Published On : 09 Feb 2017

Mumbai, (PTI) RBI today kept rates unchanged citing lack of clarity on macro front post note-ban and rising inflationary threat, even as it signalled a possible end to rate-cutting cycle by shunning long-held "accomodative" stance while Governor Urjit Patel nudged banks to make loans cheaper.

Patel-headed six-member monetary policy committee (MPC) unanimously decided to maintain status quo on repo rate for the second time in a row, leaving it untouched at six year-low of 6.25 per cent, so as to "assess how the transitory effects of demonetisation on inflation and the output gap play out."

"The MPC exercised abundant prudence in keeping the policy rates on hold while looking at these transient effects and awaited a clearer and unbiased assessment of inflation," Patel said at his post-policy press meet.

RBI also lowered its current fiscal GDP growth forecast to 6.9 per cent, while expecting a rebound to 7.4 per cent in the next year.
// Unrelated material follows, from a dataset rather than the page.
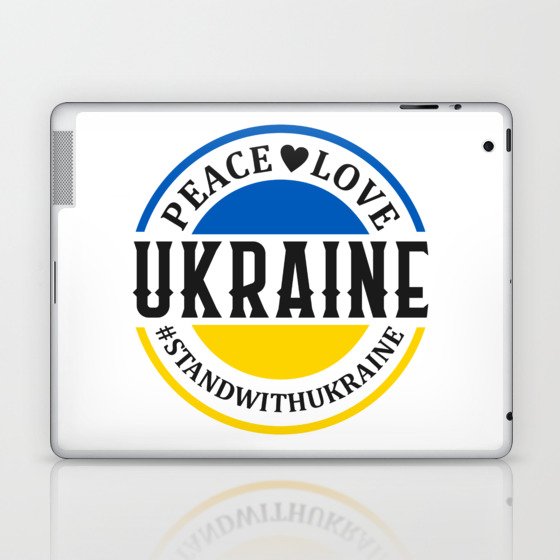 Peace love Ukraine standwithukraine blue yellow Laptop & iPad Skin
In the last bi-monthly policy also, RBI had slashed its growth forecast from 7.6 per cent to 7.1 per cent.

The central bank listed the threats, including rising oil and metal prices and the "stubborn" core inflation at nearly 5 per cent, which make it pertinent to have the flexibility of acting in either directions, while shifting from its two-year "accommodative" policy stance to a "neutral" one that virtually dashes hopes of further cuts in immediate future.

During these two years, as inflation continued its downward journey, the RBI cut its key rates by 1.75 per cent.
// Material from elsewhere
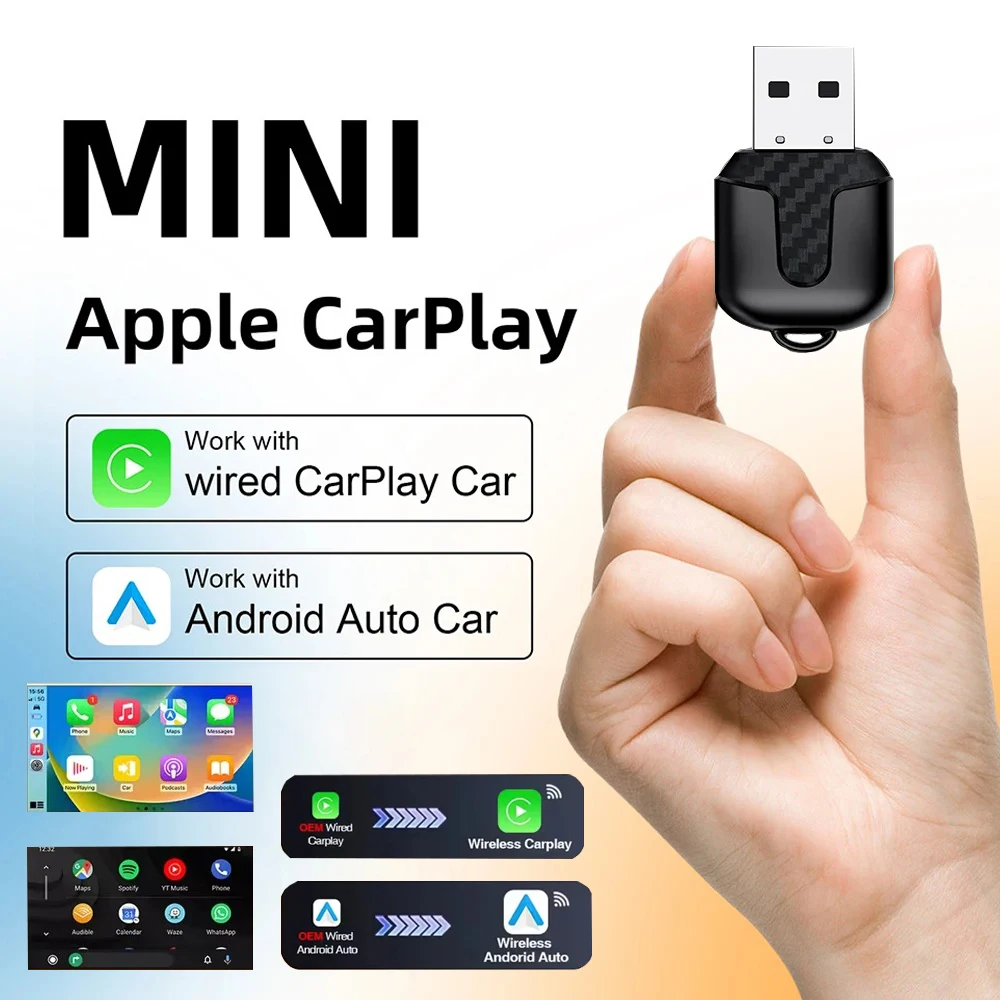 Adaptateur CarPlay et Android Auto sans fil Ultra Mini, Dongle CarPlay sans fil 5.8GHz, connexion automatique, Plug Play pour voitures filaires OME 99%,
Patel, however, was quick to note that there is more room for banks to lower their lending rates saying the weighted average lending rate has come down by only up to 0.90 per cent, while RBI has delivered 175 bps cut since January 2015.

"There is still scope for the lending rates to come down because our policy rates came down by 175 basis points and weighted average lending rates have come down only by 85-90 basis points. I think that there is scope for more transmission," Patel said.

Economic Affairs Secretary Shaktikanta Das also hoped that banks will step up their lending with focus on SMEs, housing and individual loans.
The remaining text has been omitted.